Somente o embaixador dos Estados unidos no Brasil e o ministro brasileiro da
Guerra conheciam o paradeiro dos dois presidentes. Quer dizer, havia mais
alguém que sabia. Gregório Fortunato, o "Anjo Negro", chefe da Guarda
Pessoal de Vargas, que faria sua desgraça onze anos e sete meses depois, já no
governo constitucional, quando mandou matar, sem o conhecimento do chefe, o
opositor Carlos Lacerda, que escapou com um tiro no pé (no atentado, porém,
morreu o major Vaz, da Aeronáutica, gerando ou agravando a crise que resultaria
no suicídio de Vargas), mas isso é outra história.
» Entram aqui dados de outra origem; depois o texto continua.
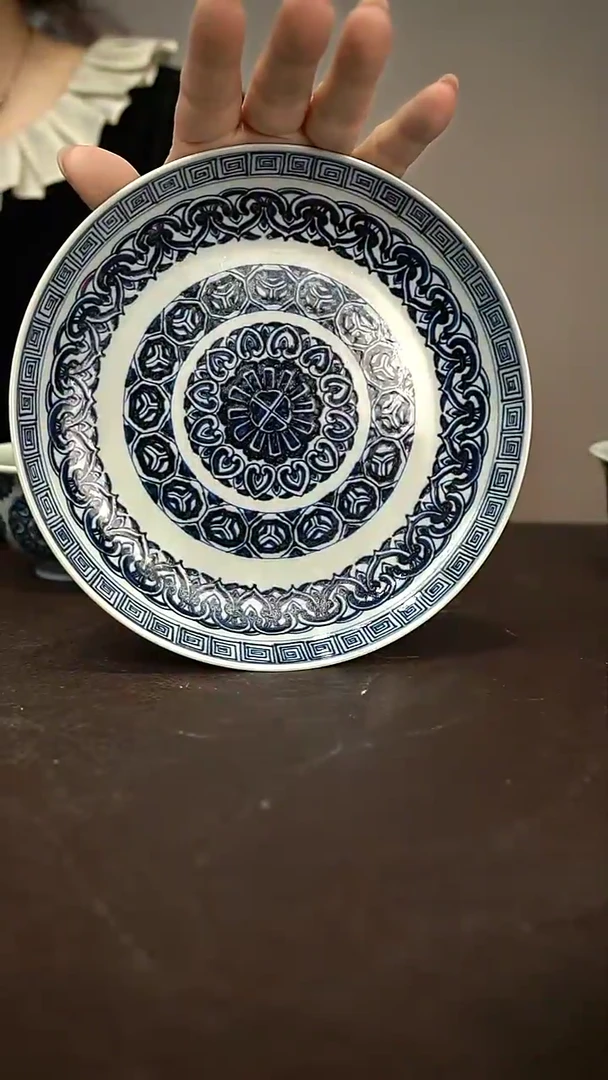 【闪购商品】微瑕福利微瑕福利17.5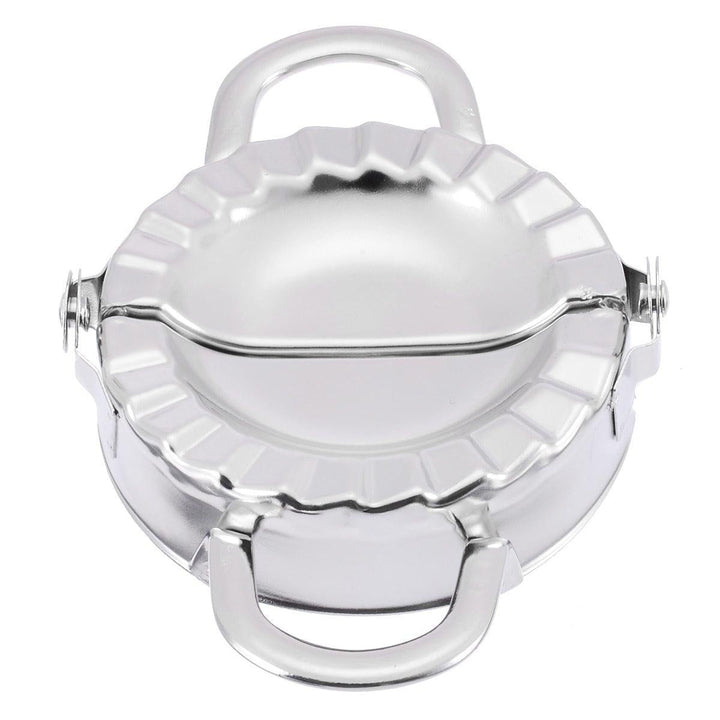 Dumpling Mold | Luvikno
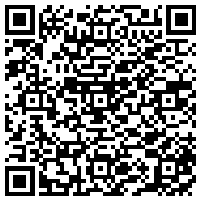 QR Code for bitcoin:bitcoin:bitcoin:bitcoin:bitcoin:bitcoin:bitcoin:bitcoin:bitcoin:bitcoin:bitcoin:39dGBMdSs8SSvSyNJ3fJX3jCGknf7bBjxR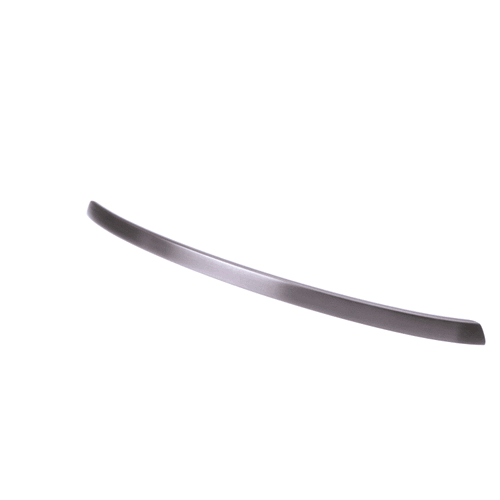 LG Part# MEB63574005 Door Handle (OEM)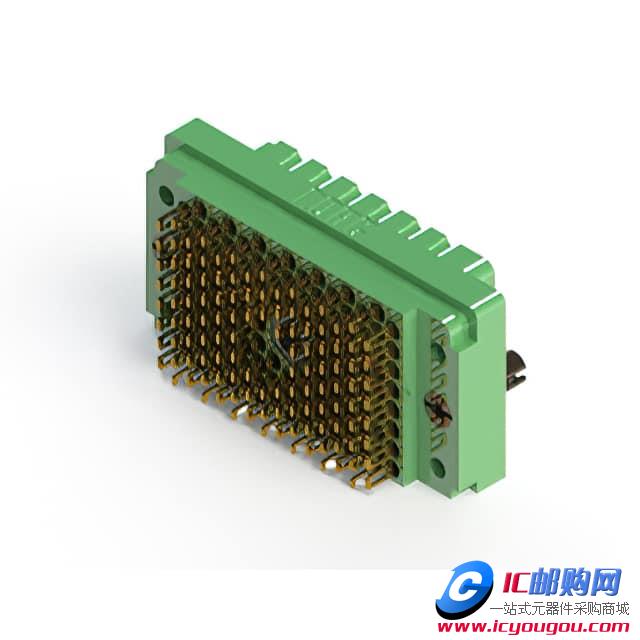 c(din)鿴516-120-500-202DƬ
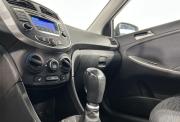 Hyundai Solaris I Рестайлинг Саранск  - изображение 45
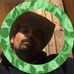 Glenn Titus - Facebook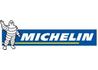Michelin MPX25EHDSP Vysokotlakový čistič 170 bar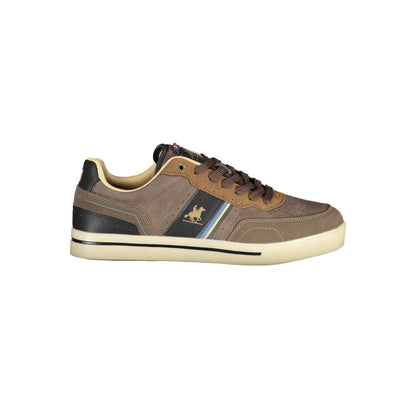 U.S. Grand Polo Pantofi casual GPM524607 MARO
Fortunato, porém, era
totalmente leal ao então ditador e jamais revelaria seu segredo. Assistiu ao
sofrimento da família sem dizer uma só palavra.
Tavares se
pergunta se aquele episódio assombrou Getúlio nas horas finais antes do
suicídio, quando a decisão já estava tomada (ele já entregara a caneta de ouro
a Tancredo Neves e a Carta-Testamento, em envelope lacrado, a João Goulart).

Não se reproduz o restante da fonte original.